(Captioned web images)
···

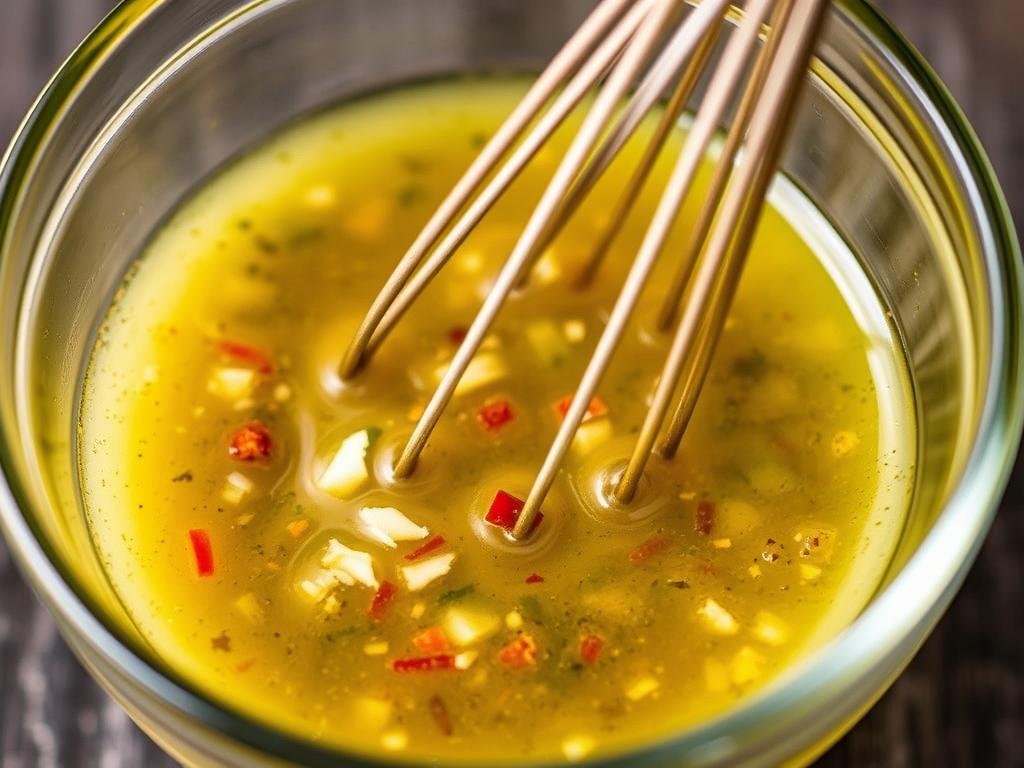 Mixing the Thai cucumber salad dressing in a small bowl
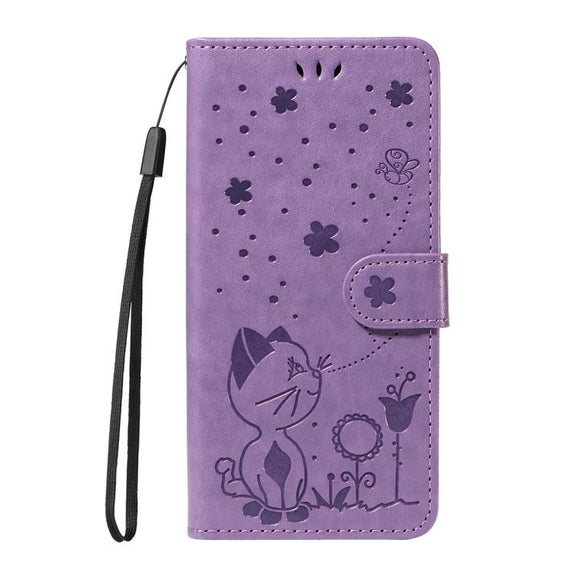 For Huawei Pura 80 Ultra 5G Cat and Bee Embossed Flip Leather Phone Case(Purple)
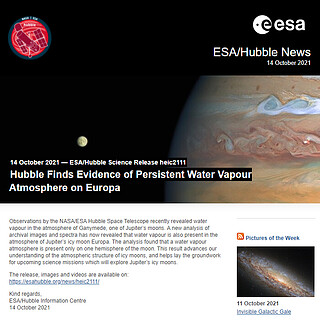 ESA/Hubble Science Release heic2111 - Hubble Finds Evidence of Persistent Water Vapour Atmosphere on Europa
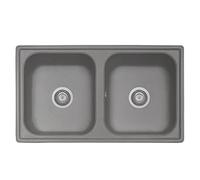 Samet, Évier de cuisine 86 x 50 Granitovero 862VCRP, 2 bacs, chrome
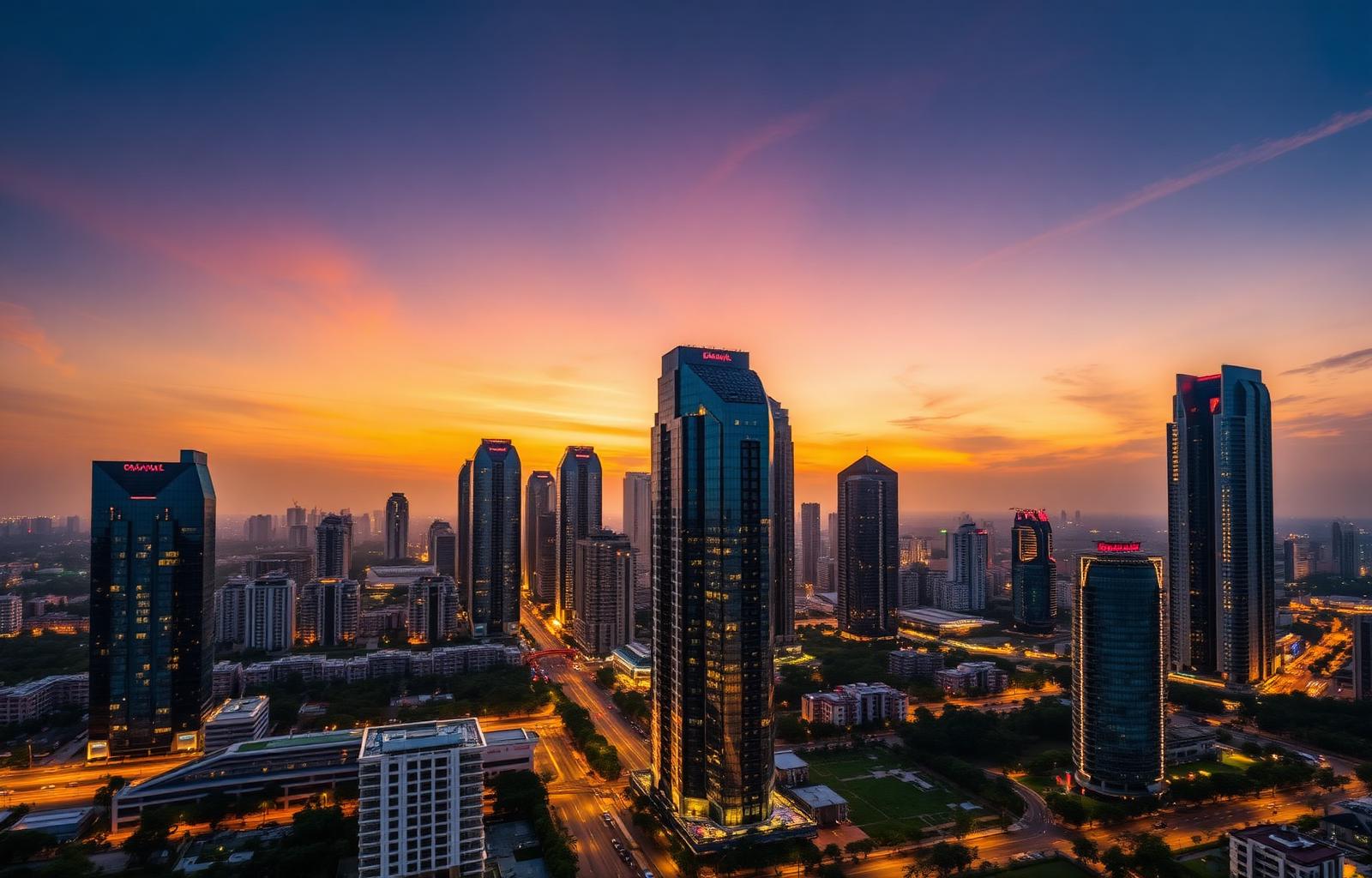 Gurgaon luxury skyline at twilight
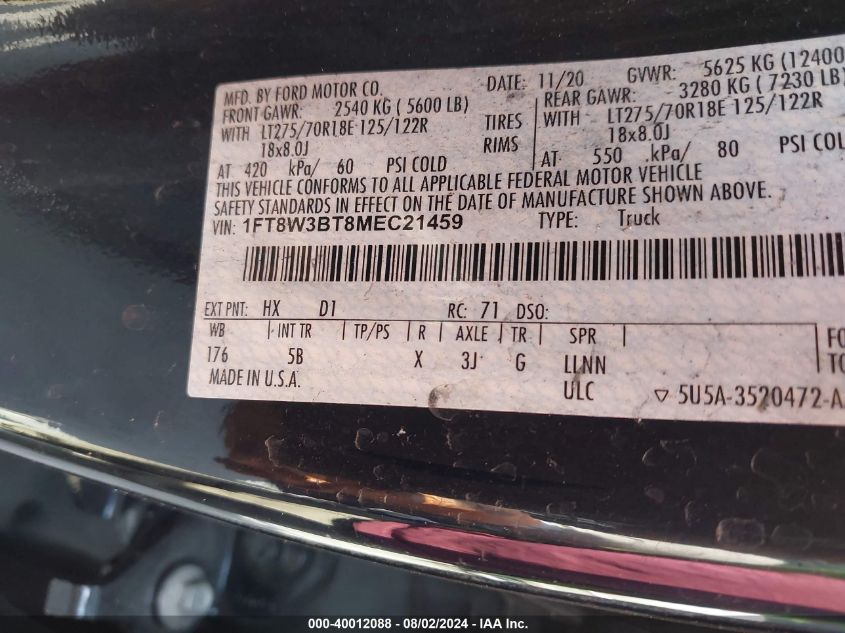 2021 Ford F-350 Lariat VIN: 1FT8W3BT8MEC21459 Lot: 40012088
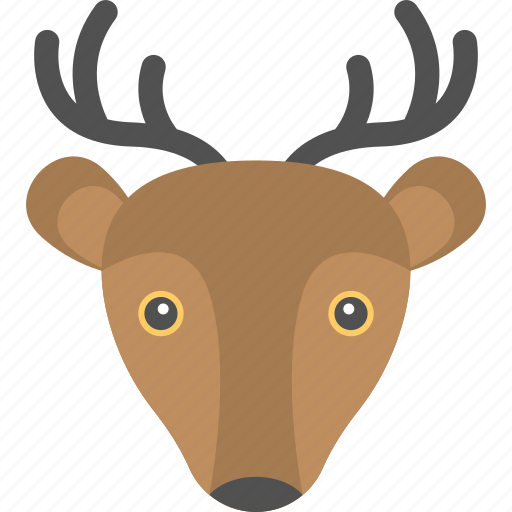 Animal face, cartoon reindeer head, deer head, reindeer face, reindeer head  icon - Download on Iconfinder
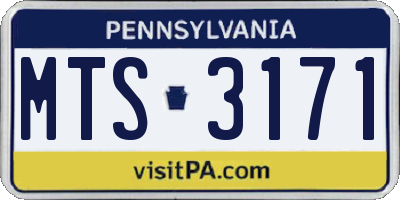PA license plate MTS3171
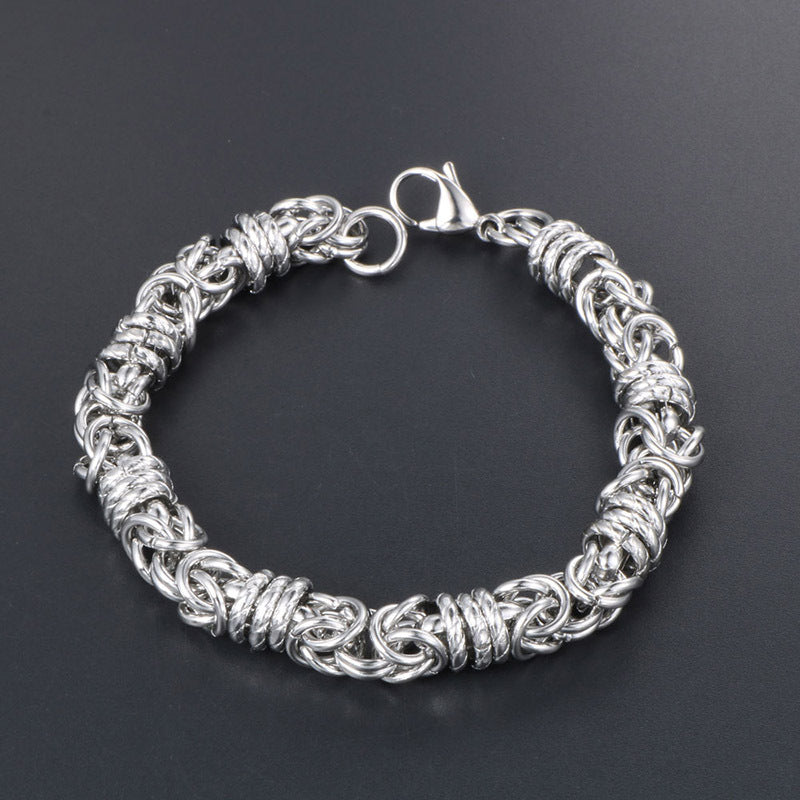 Men's Woven Titanium Steel Bracelet - Chic European and American Fashion Jewelry for Retail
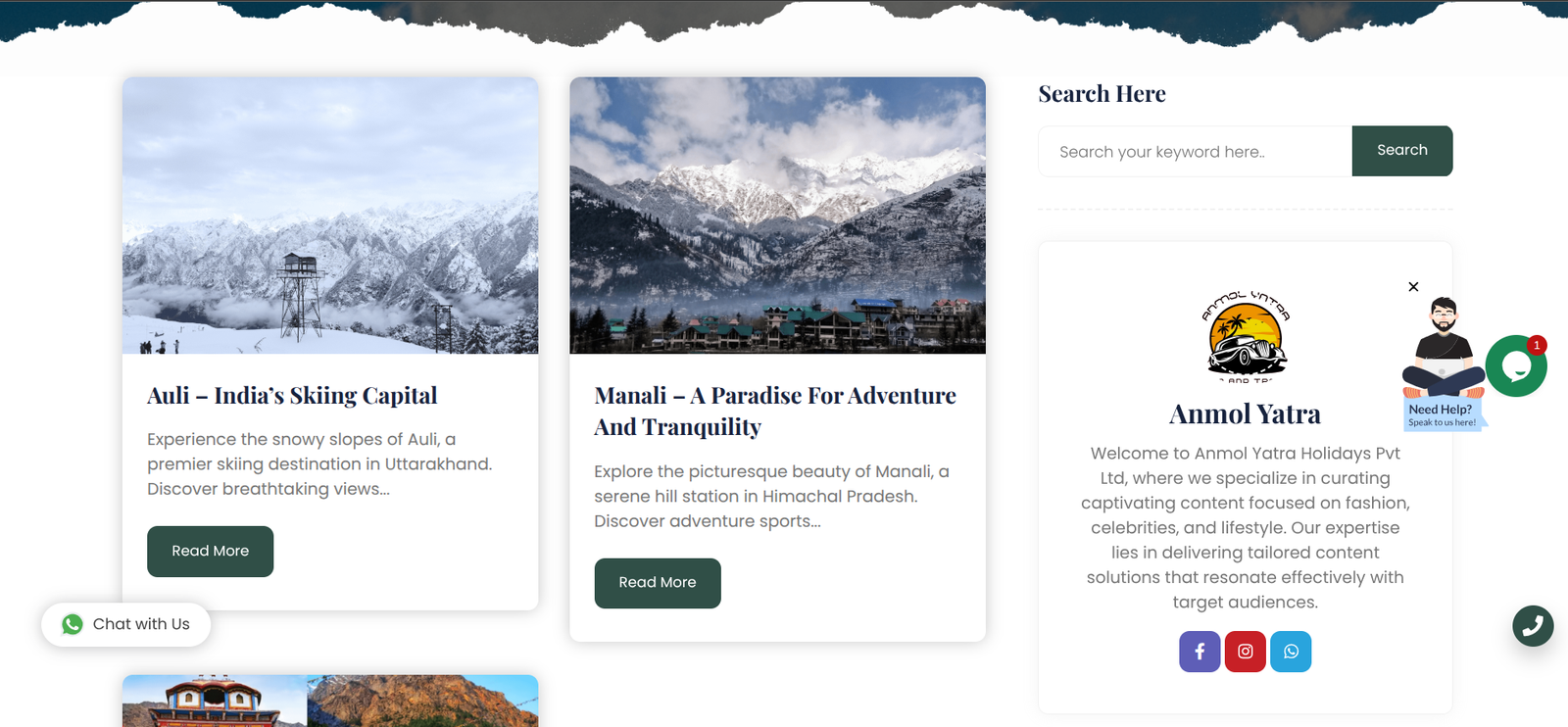 Anmol Yatra Holidays – Travel & Tour Website Development - Ritik Saini | Laravel Developer | Portfolio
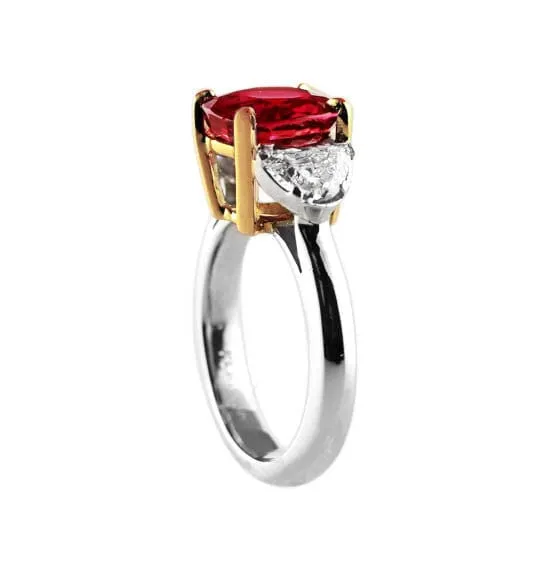 18k Yellow Gold Platinum 3ct Burma Ruby Ring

···

# Required work
Retype all the entries exactly; drop the pictures.

# Result of the exercise
 Mixing the Thai cucumber salad dressing in a small bowl
 For Huawei Pura 80 Ultra 5G Cat and Bee Embossed Flip Leather Phone Case(Purple)
 ESA/Hubble Science Release heic2111 - Hubble Finds Evidence of Persistent Water Vapour Atmosphere on Europa
 Samet, Évier de cuisine 86 x 50 Granitovero 862VCRP, 2 bacs, chrome
 Gurgaon luxury skyline at twilight
 2021 Ford F-350 Lariat VIN: 1FT8W3BT8MEC21459 Lot: 40012088
 Animal face, cartoon reindeer head, deer head, reindeer face, reindeer head  icon - Download on Iconfinder
PA license plate MTS3171
 Men's Woven Titanium Steel Bracelet - Chic European and American Fashion Jewelry for Retail
 Anmol Yatra Holidays – Travel & Tour Website Development - Ritik Saini | Laravel Developer | Portfolio
 18k Yellow Gold Platinum 3ct Burma Ruby Ring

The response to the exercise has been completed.